WHAT TO DO: Nothing but the lines from the one holding "Kolma KolmaFlex Numeric tab index Grey" to the final line of the listing below, both included, should be repeated, and each must match exactly. Omit pictures.

GIVEN ENTRIES Block Start

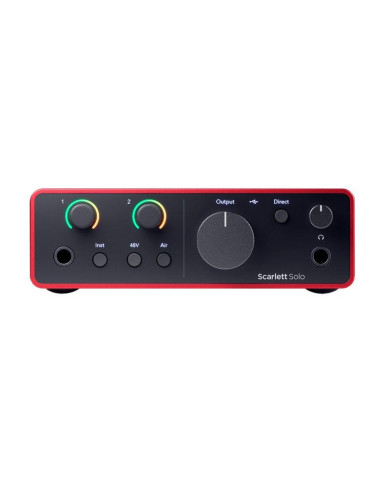 Focusrite - Interface Audio Scarlett 4th Gen Solo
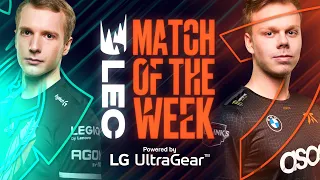 LG UltraGear Match of the Week: G2 vs Fnatic | 2022 #LEC Spring Week 3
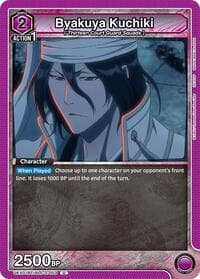 Byakuya Kuchiki (053) - UEX01BT: BLEACH: Thousand-Year Blood War Vol.2 - Union Arena card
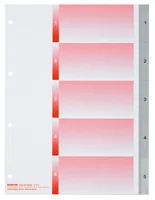 Kolma KolmaFlex Numeric tab index Grey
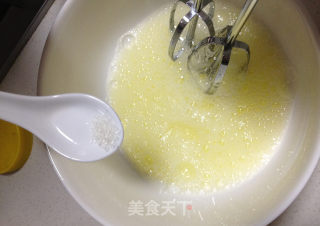 蔓越莓电饭煲蛋糕的做法步骤：6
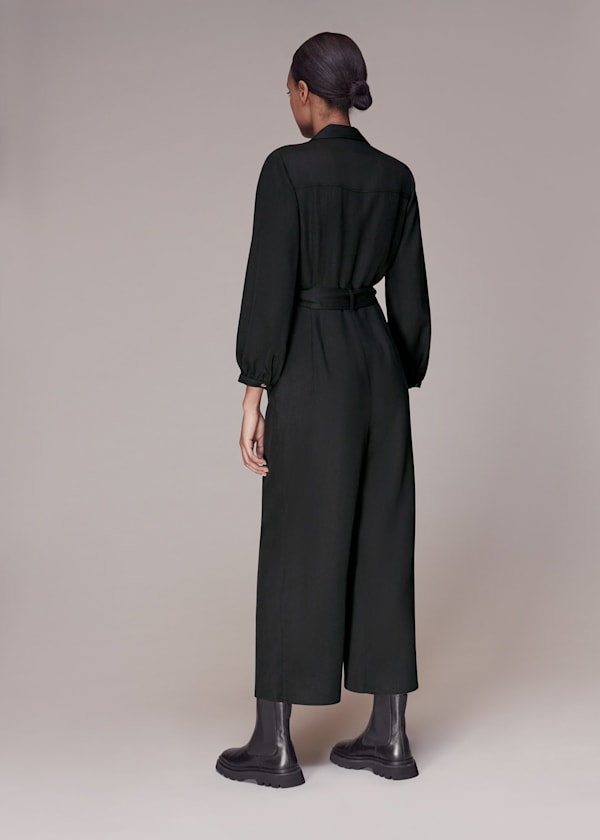 Black Leah Jumpsuit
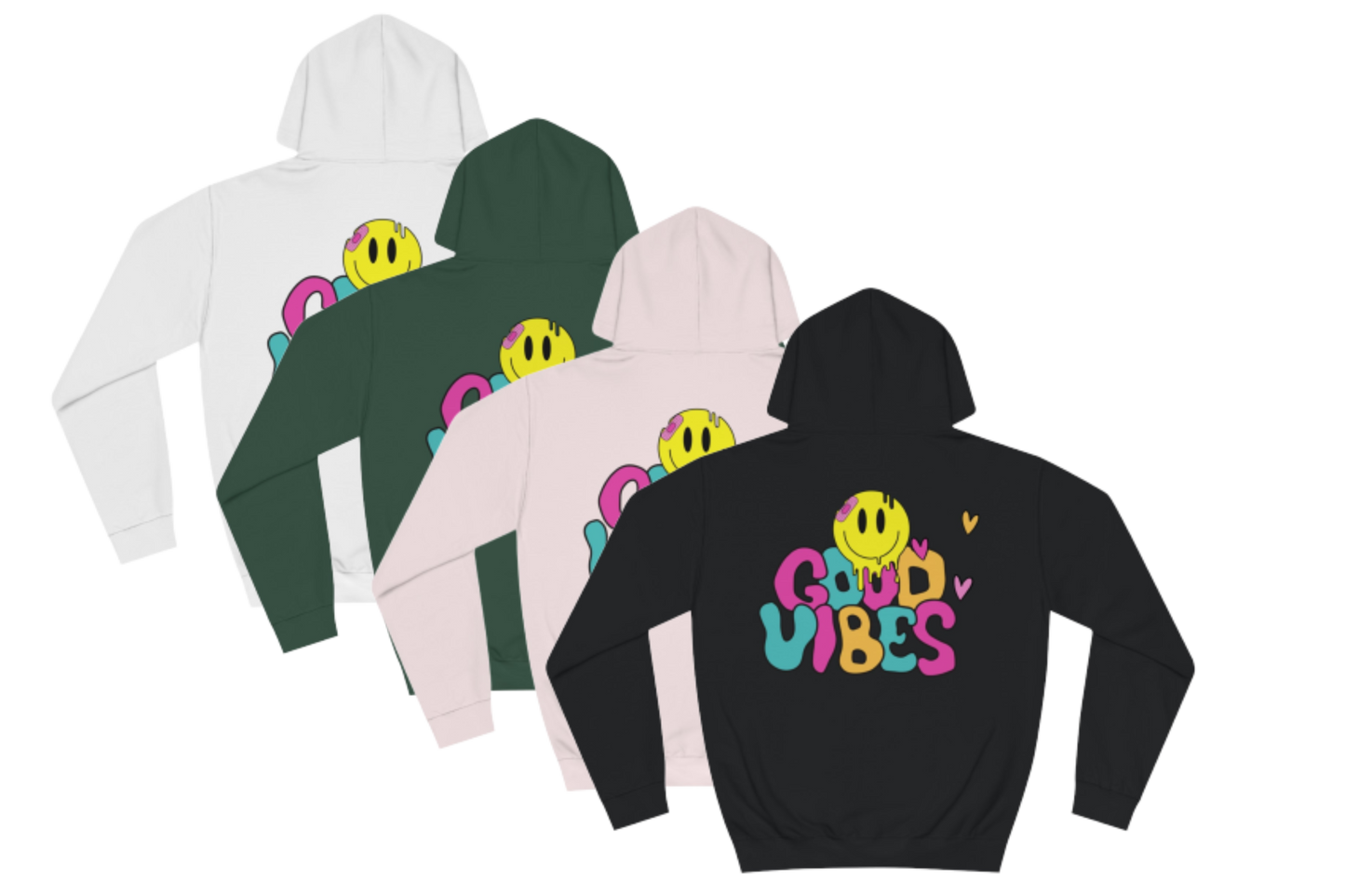 GOOD VIBES HOODIE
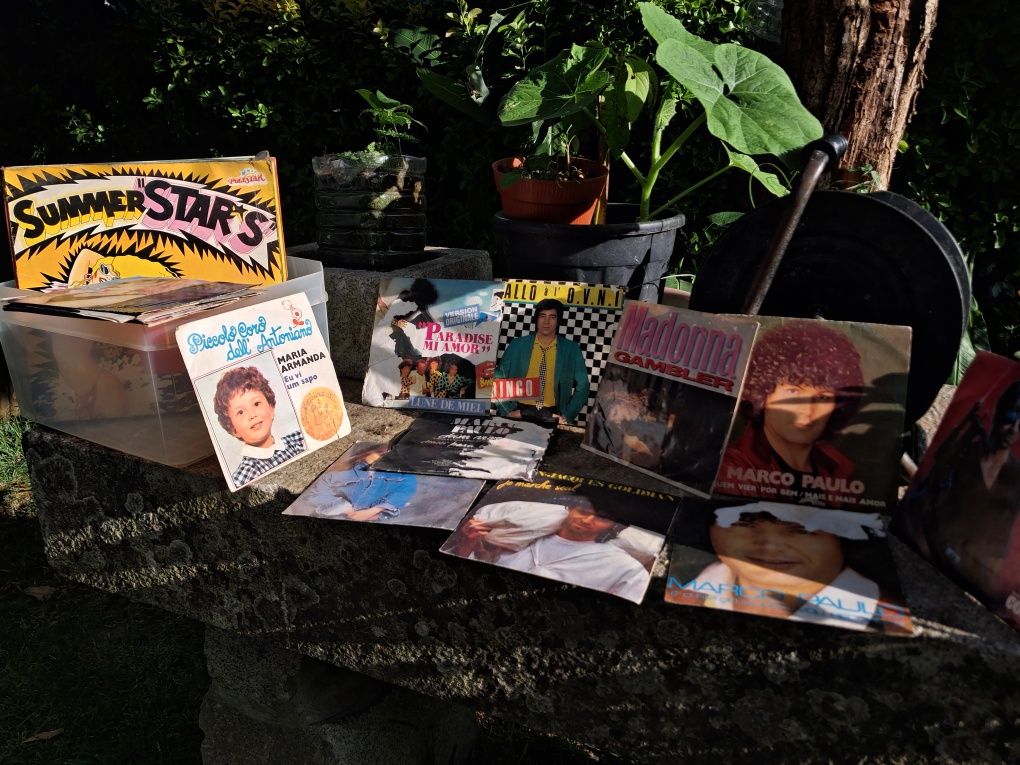 Discos vinil, Lp,s e singles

GIVEN ENTRIES Block End

TASK RESULT:
 Kolma KolmaFlex Numeric tab index Grey
 蔓越莓电饭煲蛋糕的做法步骤：6
 Black Leah Jumpsuit
 GOOD VIBES HOODIE
 Discos vinil, Lp,s e singles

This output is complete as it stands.